Drawers have been a common feature on casework for almost as long as casework has been constructed. The most prevalent style of drawer arrangement used in furniture today is based upon the style developed in the 18th century. Basically, a frame is constructed to divide the casework into sections and the drawers are constructed to fit the opening, and ride on top of the frame.
In the 17th century, however, most drawers were side hung, meaning that the drawers did not sit on top of a frame, but instead they hung by runners attached to the drawer sides. This was done in two different ways. The drawer could have small strips nailed to its side to form a groove, or a groove could be plowed directly into the drawer side. I wanted to add a small drawer to my workbench since I recently move my old standing desk out of the shop. So I decided to use the 17th century style drawer construction to do so.
I started with the drawer runners. I ripped these out of a 3/4″ thick piece of pine. They are both 3/8″ thick by 3/4″ wide and long enough to support the sides of the drawer for as deep as it will be.
The drawer runners were attached to the insides of the workbench aprons with glue and cut brads. They are spaced down from the top of the drawer space so that they will sit approximately centered on the sides of the drawers when the drawer is mounted.
To facilitate the groove on the side of the drawer for the drawer runner, 17th century drawers were often constructed using just a single wide dovetail. Using the wide dovetail allowed the wide groove for the drawer runner to be plowed only through the long grain of the drawer sides and not have to be cut through any end grain pins. I decided to follow that practice with these drawers.
The groove was started with a 1/4″ blade in a plow plane. However, this didn’t plow the full width necessary. So instead of resetting the fence and moving the plow plane over, I used a sash saw to saw the other side of the groove, then wasted away the remaining wood with a chisel and smoothed the bottom of the groove with a 1/2″ square rabbet plane.

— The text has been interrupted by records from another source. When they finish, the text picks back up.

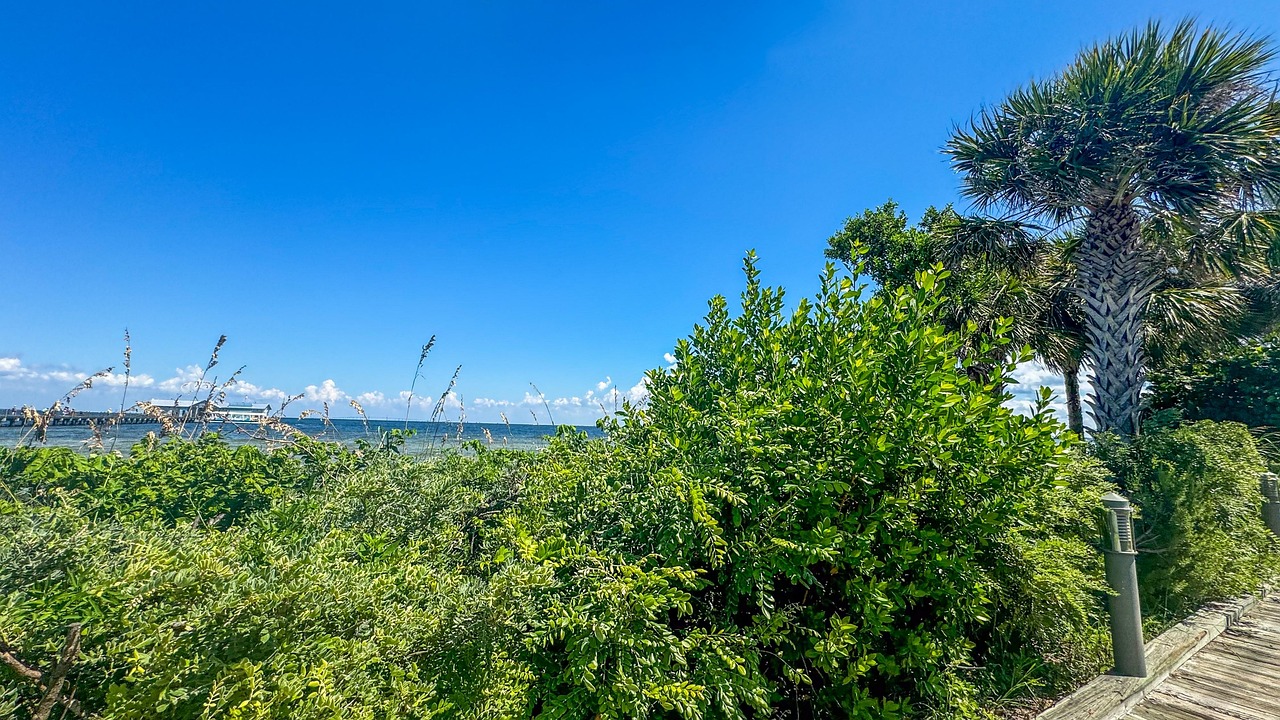 Coast, tropical, palm, summer, scenery, nature, landscape, United States, Anna Maria, Florida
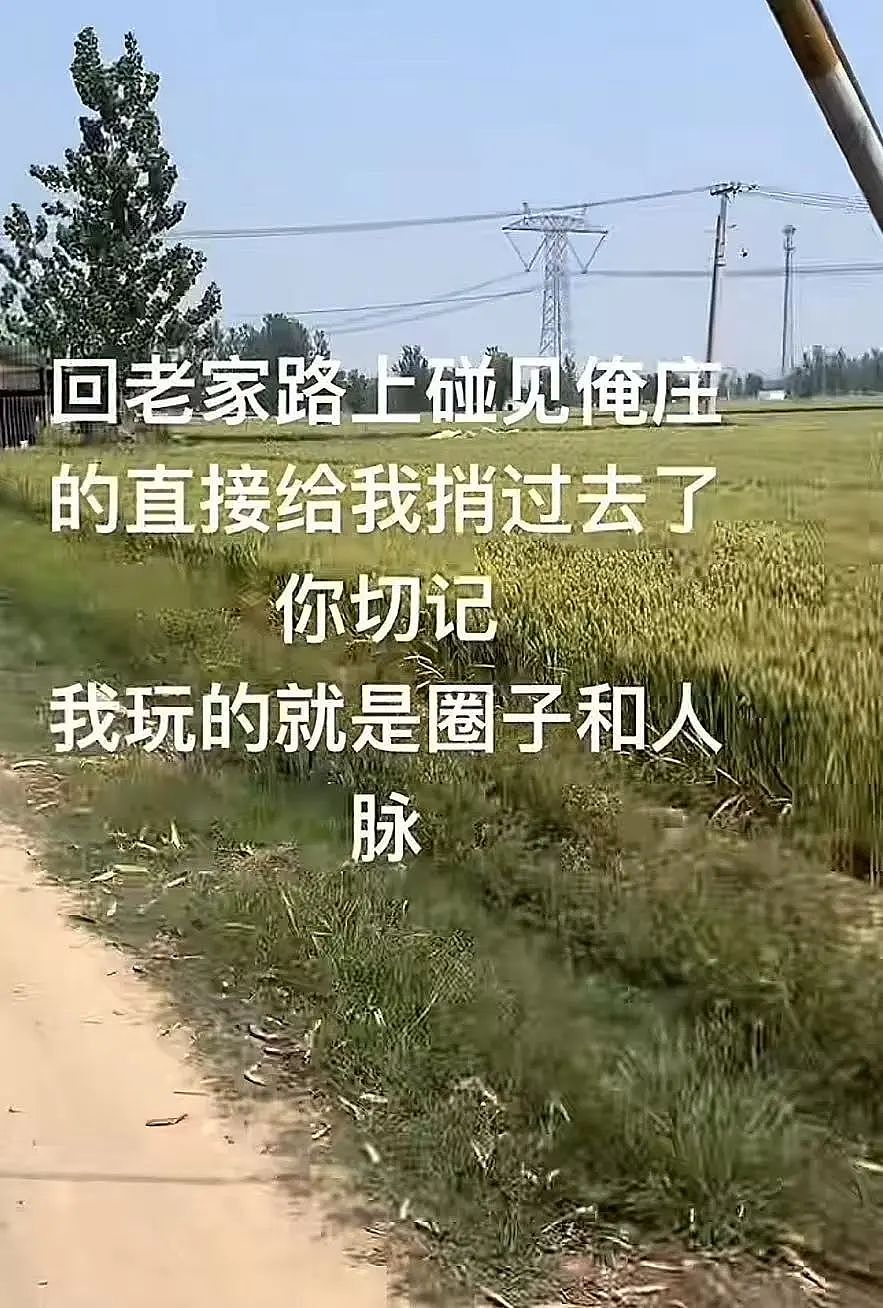 【爆笑】“高考最大的受益者出现了…？”网友笑疯：哈哈哈这是来进货了吗（组图） - 42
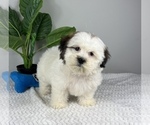 Small Photo #5 Zuchon Puppy For Sale in FRANKLIN, IN, USA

With a minimal amount of trimming and planing, the drawer was fit into the opening under the bench top. The runners weren’t exactly centered on the drawer sides but instead ended up centered on the total drawer height. I miscalculated when positioning the runners because I was using the full height of the false front rather than the reduced height of the drawer sides. The height of the sides was reduced by 1/2″ because the drawer bottom is attached by nailing it to the sides front and back. C’est la vie. It still works fine, even if the drawer runners aren’t centered on the dovetail.
The last thing to do was to attach a false front to cover everything up.